Exxon Revenue Hits Record,
But Shrinking Margins Hurt Profit
By KEVIN KINGSBURY
November 1, 2007 9:46 a.m.
Exxon Mobil Corp. posted a bigger-than-expected 10% drop in third-quarter net income on lower refining and chemical margins, as the company set a quarterly revenue record.
The results sent shares lower in premarket trading, falling to $90.54 from Wednesday's closing price of $91.99.
EXXON'S EARNINGS
Dollars in millions
Segment 3Q'07 3Q'06 Change
Exploration & Production $6,299 $6,493 -3%
Refining & Marketing $2,001 $2,738 -27%
Chemicals $1,202 $1,351 -11%
The world's largest publicly traded oil company reported net income of $9.41 billion, or $1.70 a share, compared with $10.49 billion, or $1.77 a share, a year earlier. The mean estimate of analysts surveyed by Thomson Financial was for earnings of $1.75 a share.
Revenue rose 2.8% to $102.34 billion, topping the prior record of $100.72 billion set two years ago. Capital spending climbed 7.5% to $5.44 billion.
Upstream earnings - the company's oil-and-gas production business - dropped 3% to $6.3 billion on a 2% drop in production on factors including divestments and its loss of its Venezuelan assets. Helping were higher oil prices. The benchmark West Texas Intermediate crude price averaged $75.25 a barrel during the quarter, compared with $70.50 a year earlier.
Those higher prices have been hurting oil companies' refining profits. At Exxon's downstream business, which buys crude oil and which converts it to products like gasoline, earnings fell 31% to $1.9 billion on slumping margins. Oil refiners have been warning of late of falling margins as the surging crude prices haven't been matching with increases by finished products such as gasoline.
Chemical earnings dropped 11% to $1.2 billion on lower margins. Volume was flat.
Exxon last month filed an arbitration request with the International Center for Settlement of Investment Disputes, a forum closely linked with the World Bank, regarding the company's compensation dispute with Venezuela over Exxon's loss of control at the Cerro Negro oil project.

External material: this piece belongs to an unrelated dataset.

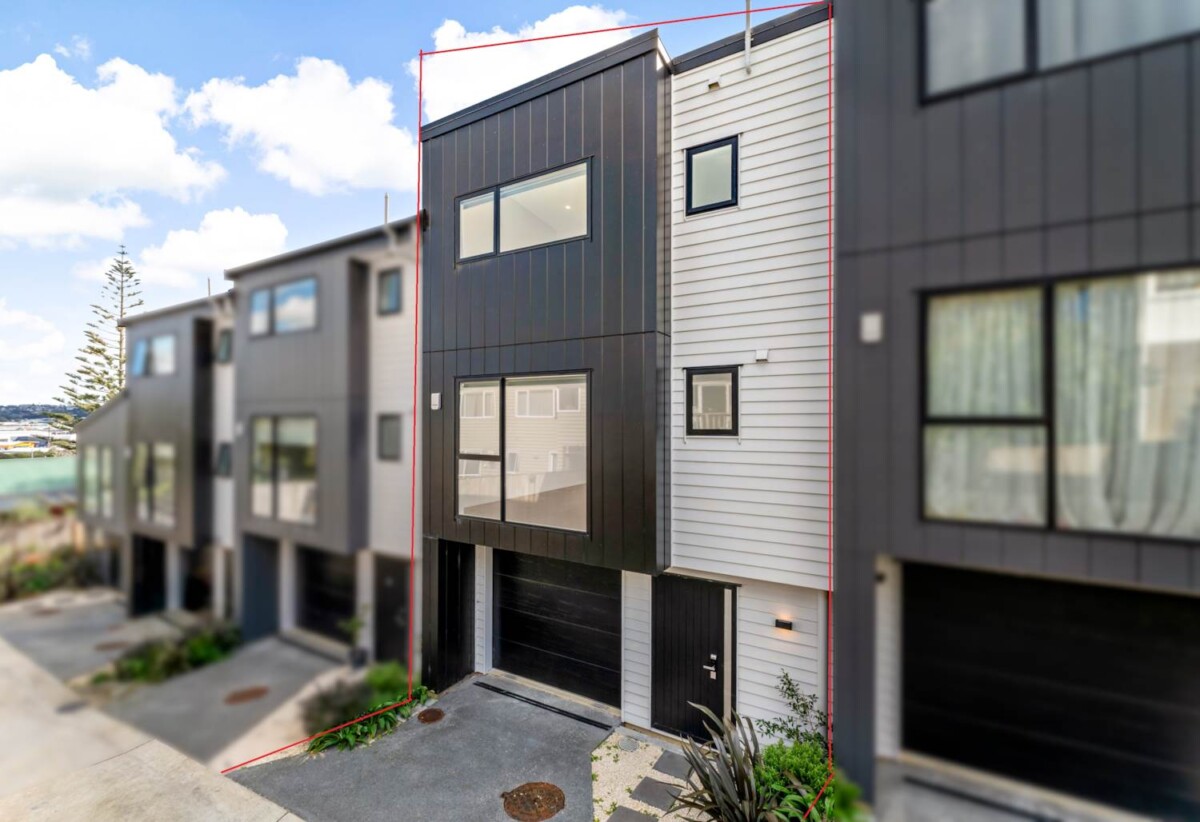 Double Westlake Zone, 3 beds home, backed by a transferable Master Build Guarantee, 11C Bowman Road, Forrest Hill, Auckland
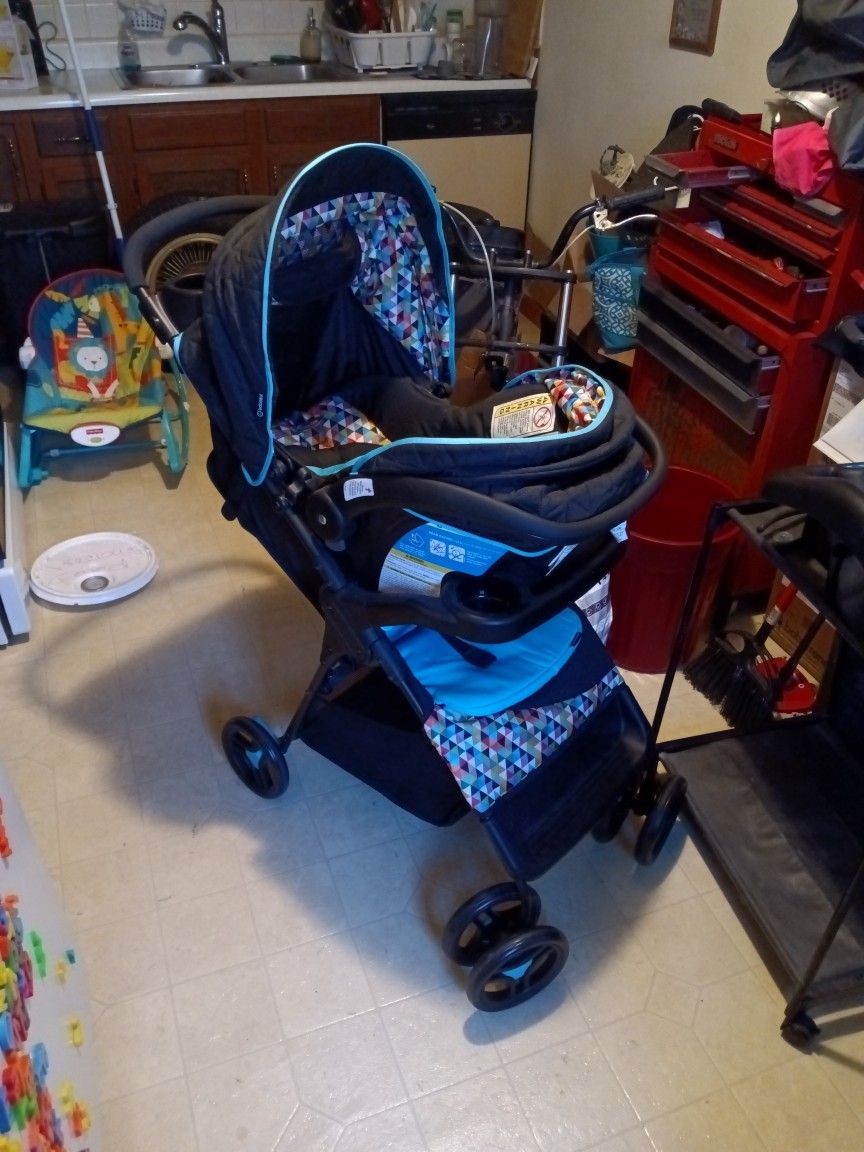 A Newborn Stroller Car Seat Transforms To Toddler Car Seat And Stroller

PRICE PER SHARE, PRICE PER BARREL
Through Oct. 30
Venezuela took over Exxon's 42% interest in Cerro Negro in June after both sides failed to come an agreement over turnover terms. Venezuela has been increasingly nationalizing industries in recent years.
Exxon bought another 90 million of its shares in the third quarter, spending $7.8 billion of the cash its operations have been generating buckets of. That cut the company's shares outstanding by 1.5% during the quarter.
The company will hold a conference call at 11 a.m. EST.